Try it
How many lines in the data below have the string "Luxury"? Reply with the number alone.

Brief descriptive captions:
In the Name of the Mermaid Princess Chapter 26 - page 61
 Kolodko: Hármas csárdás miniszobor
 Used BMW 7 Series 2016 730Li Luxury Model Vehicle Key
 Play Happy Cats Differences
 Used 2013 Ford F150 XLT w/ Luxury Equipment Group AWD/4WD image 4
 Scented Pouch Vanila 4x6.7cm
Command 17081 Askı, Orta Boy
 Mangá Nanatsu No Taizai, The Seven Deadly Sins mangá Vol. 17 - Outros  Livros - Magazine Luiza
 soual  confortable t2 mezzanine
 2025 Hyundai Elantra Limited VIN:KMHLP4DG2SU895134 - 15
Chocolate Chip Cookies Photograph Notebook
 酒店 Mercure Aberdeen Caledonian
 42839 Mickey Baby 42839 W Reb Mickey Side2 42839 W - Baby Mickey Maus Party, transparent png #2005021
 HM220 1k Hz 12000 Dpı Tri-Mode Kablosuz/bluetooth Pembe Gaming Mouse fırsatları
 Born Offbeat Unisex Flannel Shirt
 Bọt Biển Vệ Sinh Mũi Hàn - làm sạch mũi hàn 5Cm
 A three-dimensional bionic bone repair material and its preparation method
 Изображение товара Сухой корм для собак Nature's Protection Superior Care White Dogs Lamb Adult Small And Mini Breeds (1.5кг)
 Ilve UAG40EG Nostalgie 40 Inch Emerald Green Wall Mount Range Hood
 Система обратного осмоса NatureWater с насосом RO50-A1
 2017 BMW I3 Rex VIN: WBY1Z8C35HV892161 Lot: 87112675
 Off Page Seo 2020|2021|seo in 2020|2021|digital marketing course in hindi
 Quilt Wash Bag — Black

Solution to the exercise
2